Design Concepts
General Design
Initial design studies resulted in two configuration choices: a flying wing with planform dictated by the container, or a multi-paneled conventional wing configuration with a thin fuselage. The flying wing model would result in the quickest assembly time; however, the conventional aircraft had a higher payload capacity.
Flying Wing Design
Multi-panel Design
Airfoil Design
The aircraft’s purpose is to lift maximum payload which leads to selection of a high-lift airfoils that can operate at low Reynolds numbers. A survey of suitable airfoils identified the S1210, S1223, and E423 (UIUC database). The lift curves of each airfoil show that S1223 possesses the highest lift coefficient in the predicted Reynolds number regime, and it was most compatible with the airfoil volumetric constraints posed by the competition box; however, its very thin shape introduced manufacturing challenges. Primarily, the thin trailing edge is difficult to accurately replicate while sustaining structural integrity.
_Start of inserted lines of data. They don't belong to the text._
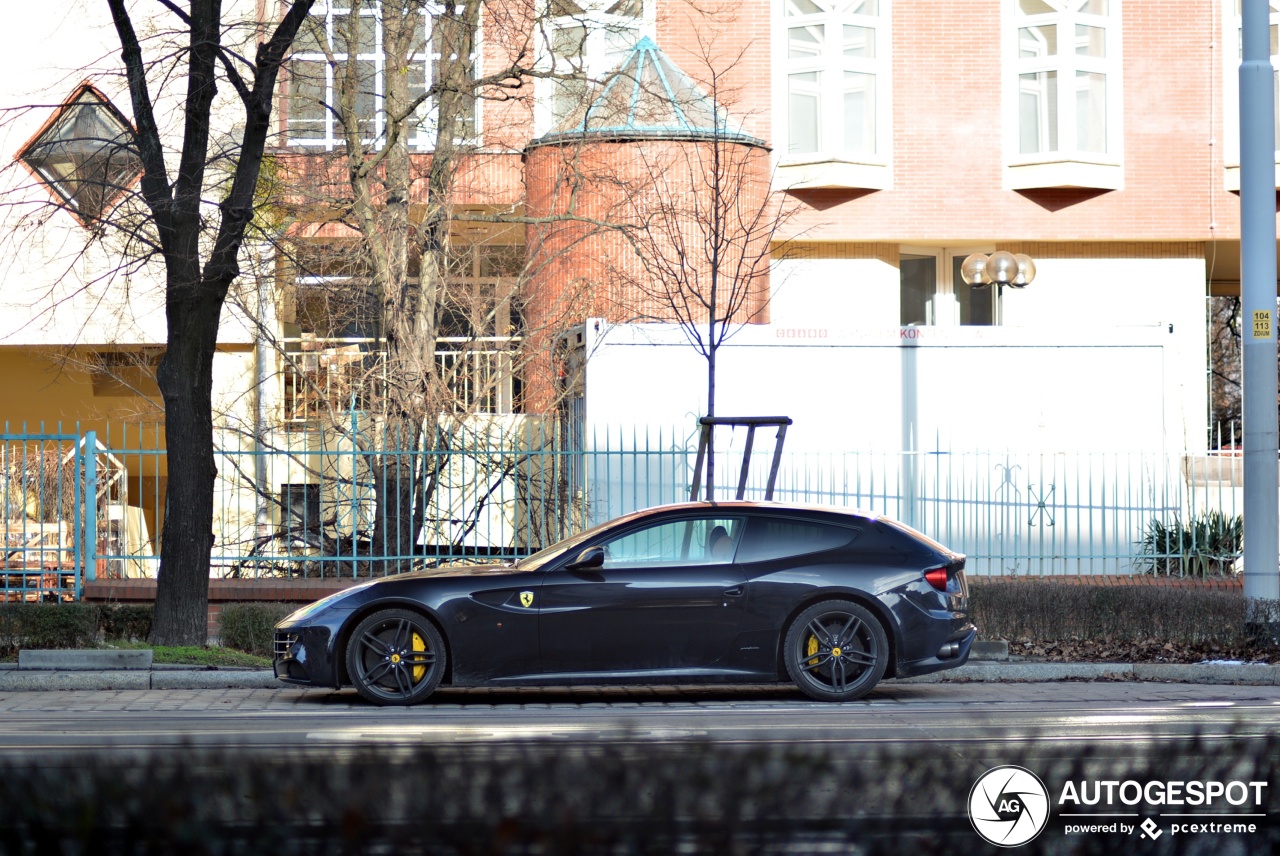 Ferrari FF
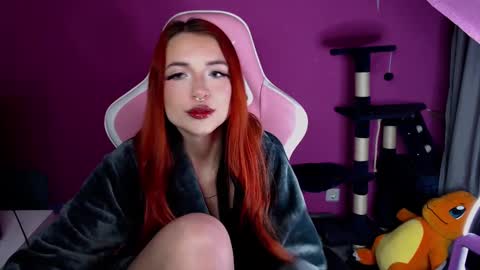 Mia online show from March 6, 9:31 pm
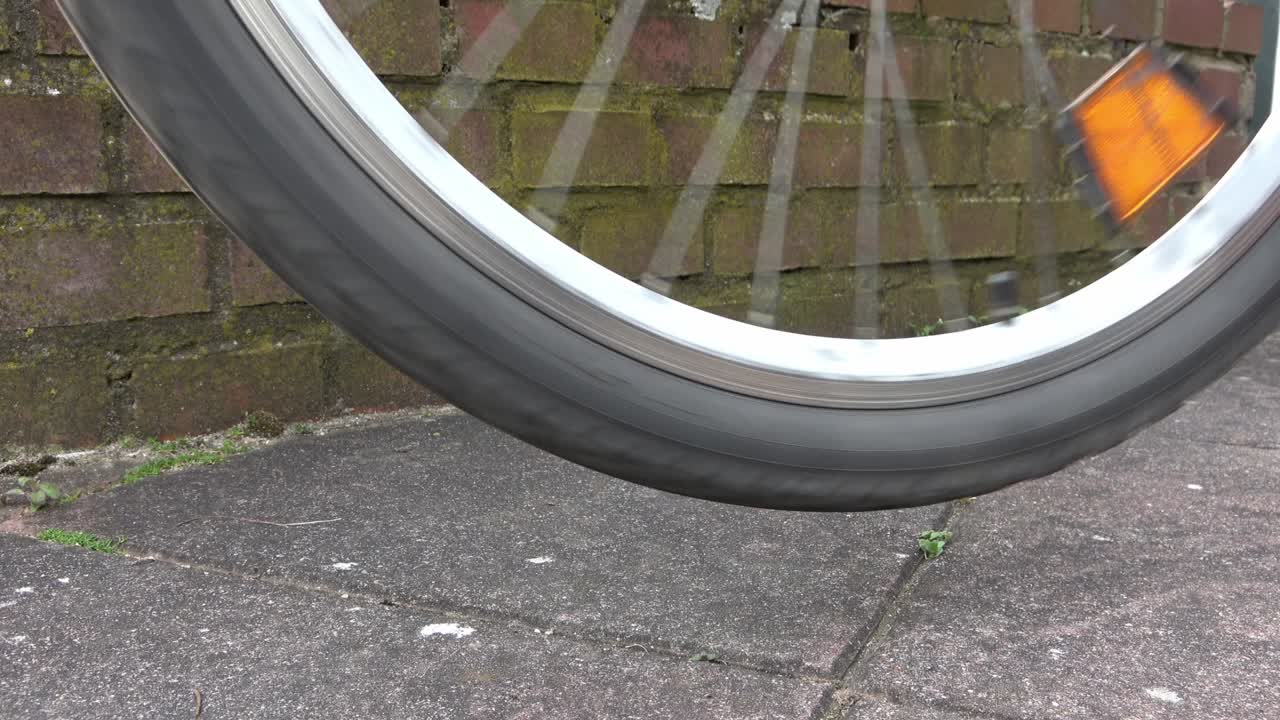 un primer plano de la rueda giratoria de una bicicleta deportiva.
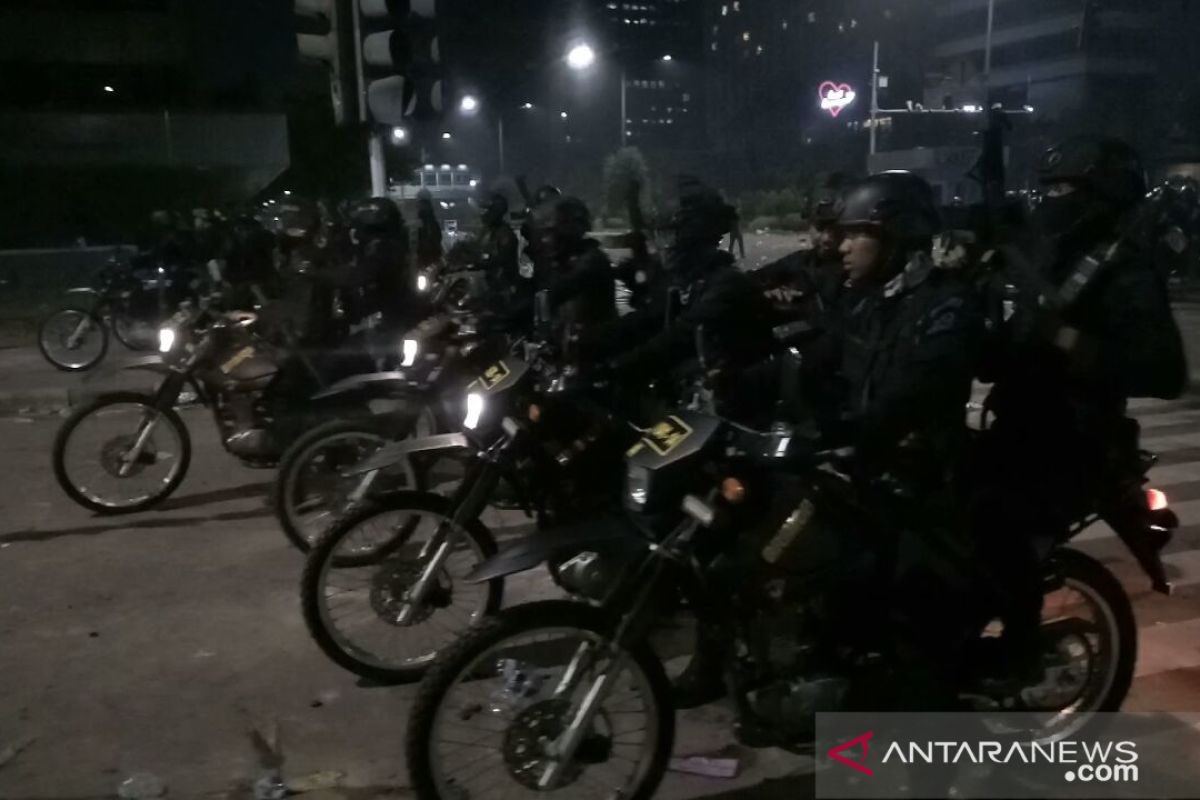 Brimob bermotor halau massa anarkis di Jalan Wahid Hasyim Jakarta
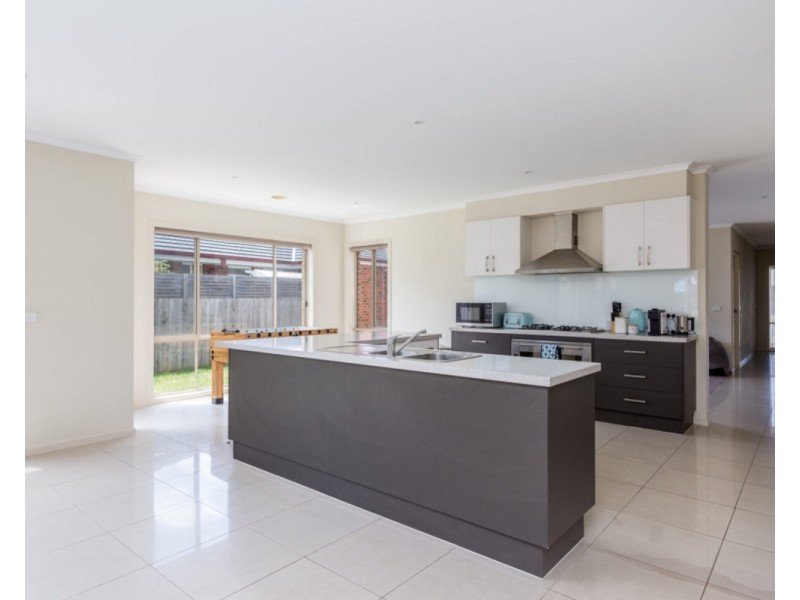 92A Country Club Drive, Safety Beach VIC 3936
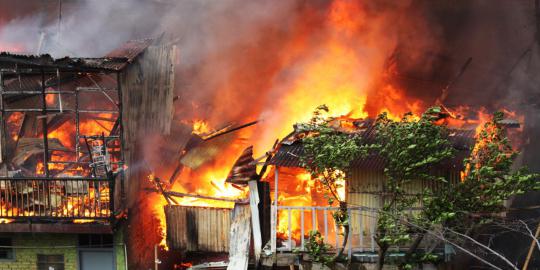 Korsleting listrik, rumah di Jakarta Utara terbakar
Airfoil Selection: Lift vs Angle of Attack
Airfoil Design
In order to combat this drawback, several iterations of wing panels were constructed utilizing 3D printed, highly-relieved, leading/trailing edges and balsa ribs. This approach allowed the team to build a wing that accurately held the S1223 shape while providing enough strength to sustain flight. The material used for each 3D printed component was ABS plastic, with a density of 1.07 g/cm^3. Permeable design techniques such as introducing holes into the plastic components and minimizing the infill density were not enough to overcome the order of magnitude difference in material densities between ABS plastic and balsa wood. This extreme weight difference pushed for alternative methods of balsa wood manufacturing to optimize the aircraft’s weight.
3D Printed Wing
Balsa Wing
Wing Design
The wing panels connect together in two pairs of three, utilizing a rectangular aluminum spar insert, a pin on the leading edge, and two neodymium magnets at the leading and trailing edges. The rectangular aluminum piece inserts into each of the carbon fiber spars of the mating wing panels. The neodymium magnets that are flush with the outer surface of the end ribs mate with the end rib of the neighboring panel. The pin comes out of the leading edge of one panel, and inserts into the next panel.
Fuselage Design
The tubular fuselage separates into four sections, each able to connect with a friction-fit wooden rectangular insert. A wing mount was designed to screw permanently into the fuselage, and contains two arms that provide the 12 degree dihedral. These arms have a tight clearance fit in the root spar. The wing mount features magnets to prevent lateral motion.
Tail Design
The tail is designed to provide the maximum surface area, and to fit into the box. The horizontal section is mounted to a section of the fuselage. The vertical section is a separate piece that is fitted onto the fuselage using a pin design. To ensure the vertical stabilizer stayed connected to the fuselage, neodymium magnets were used. The servos are also mounted. The servo for the vertical section is mounted on the frame of the stabilizer, while the horizontal is mounted to the fuselage. The section will then be connected to the main fuselage, and then the words for the servos could connect to the wire harness.
Payload
According to section 9.8 in 2018 SAE Aero Design Rules, final flight score is mostly dependent on payload fraction. Payload fraction is calculated by dividing the weight of the payload by the takeoff weight of aircraft. If the airplane lifts more weight, it gets a higher score.
Final Design
The biggest challenge of designing this plane was having it separate into multiple sections. Each section has to be made to fit together snugly without flexing or causing the assembly time to increase significantly. Minimizing the number of connections to be made was paramount to keeping the assembly score as high as possible. To ensure all components would fit together, Autodesk Inventor was used to envision every connection and joint. A complete physical model of the plane was constructed and each assembly and subassembly was tested for fitting.